Chris Wilson, co-fondateur du studio Grinding Gear Games et créateur de la célèbre série Path of Exile, s’est récemment exprimé publiquement sur le tout nouvel DLC de Diablo 2 Resurrected Reign of the Warlock, qui marque l’arrivée de la première nouvelle classe jouable dans Diablo II depuis des décennies. Bien qu’il reconnaisse certains aspects positifs de l’extension, il estime qu’il s’agit d’une opportunité ratée d’ajouter du vrai contenu narratif au lieu de se concentrer presque exclusivement sur la classe elle-même.
Une critique de Diablo 2 Resurrected Reign of the Warlock
Le DLC introduit la classe du Warlock, une sorte de sorcier qui se distingue par sa capacité à invoquer des démons et à interagir de façon plus profonde avec eux. Wilson a exprimé sa satisfaction sur le plan purement technique, soulignant notamment la façon dont Blizzard a séparé les changements majeurs dans une branche distincte des serveurs du jeu, ce qui permet aux joueurs d’opter pour la version classique originale ou la version enrichie sans altérer l’expérience de base du jeu. Selon lui, cette séparation est un signe de respect envers le titre originel, le traitant presque comme un musée interactif que les joueurs peuvent continuer à explorer dans sa forme la plus pure sans être forcés d’adopter chaque nouveauté.

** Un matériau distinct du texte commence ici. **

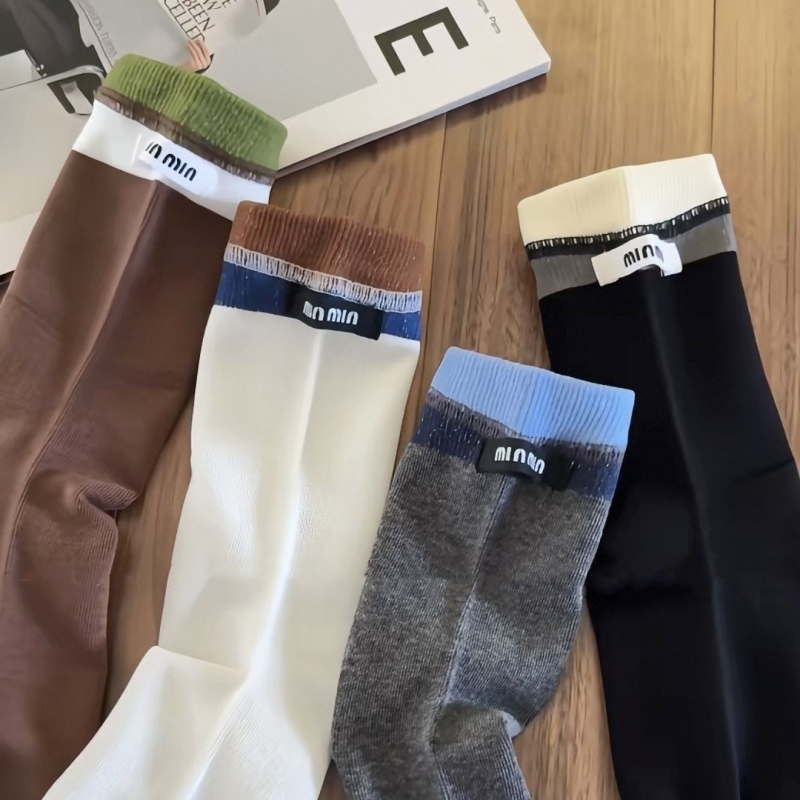 欧货时尚洋气撞色布标中筒袜子女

Pour Wilson, le véritable point faible de Reign of the Warlock est l’absence d’un nouvel Acte ou d’une zone conséquente à explorer. Il estime que, sans contenu substantiel ajoutant une dimension d’exploration, le DLC se réduit à trois éléments principaux : la nouvelle classe, quelques améliorations de qualité de vie et du contenu pour la fin de jeu. Cela, selon lui, limite largement l’attrait pour les joueurs occasionnels ou ceux qui ne sont pas déjà investis dans Diablo II, car il n’y a pas suffisamment de raisons narratives ou d’exploration pour inciter un retour à l’aventure après des années d’inactivité ou pour attirer de nouveaux joueurs vers la licence.
Une leçon à tirer pour de futurs DLC ?
Wilson a souligné qu’un nouvel Acte aurait sans doute nécessité beaucoup plus de temps de développement et probablement repoussé la date de sortie, mais qu’un tel investissement aurait eu un retour positif bien plus large, en générant plus d’intérêt et en renforçant l’expérience globale du joueur. Il a qualifié ce choix de Blizzard comme un « erreur stratégique », estimant que ce manque de contenu narratif supplémentaire pourrait limiter l’impact à long terme de l’extension.
La critique ne remet pas entièrement en cause la qualité du travail de Blizzard ni l’idée d’ajouter une nouvelle classe : Wilson loue certains aspects du Warlock, qui intègre intelligemment des mécaniques de liaison avec des démons et une flexibilité intéressante. Mais pour lui, le cœur de Diablo II, ce sont l’exploration et les histoires à travers différentes zones, ce qui manque dans Reign of the Warlock. De leur côté, certains joueurs ont critiqué le prix excessif du DLC, fixé à près de 25 euros, ce qui fait beaucoup pour une classe sans véritable contenu annexe.